▶ **Input data**
################

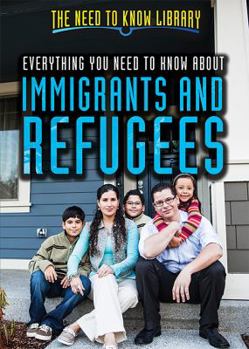 Paperback Everything You Need to Know about Immigrants and Refugees Book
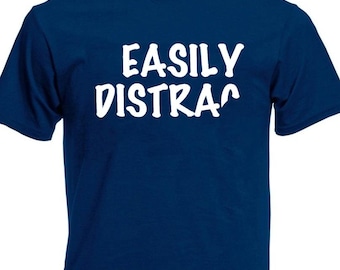 Easily Distracted Men's T-Shirt, Funny Birthday Christmas Stocking Filler Present Gifts For Him Men Friend Dad Husband Mens Gift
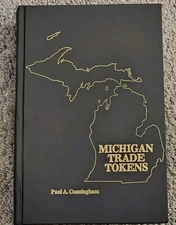 Michigan Trade Tokens by Paul A. Cunningham. Our B78
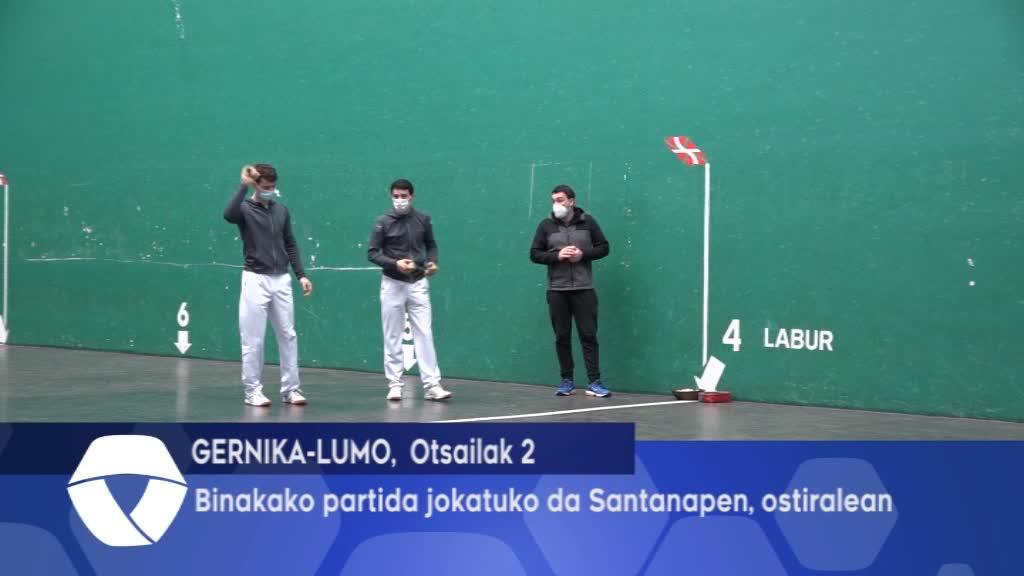 Binakako txapelketa Gernika-Lumon egongo da, Santanapen, Altuna III.a eta Martija Urrutikoetxea eta Arangurenen aurka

################

▶ **Activity**
What is needed is an exact copy of all the data, with no images in it.

▶ **Response to this exercise**
 Paperback Everything You Need to Know about Immigrants and Refugees Book
 Easily Distracted Men's T-Shirt, Funny Birthday Christmas Stocking Filler Present Gifts For Him Men Friend Dad Husband Mens Gift
 Michigan Trade Tokens by Paul A. Cunningham. Our B78
 Binakako txapelketa Gernika-Lumon egongo da, Santanapen, Altuna III.a eta Martija Urrutikoetxea eta Arangurenen aurka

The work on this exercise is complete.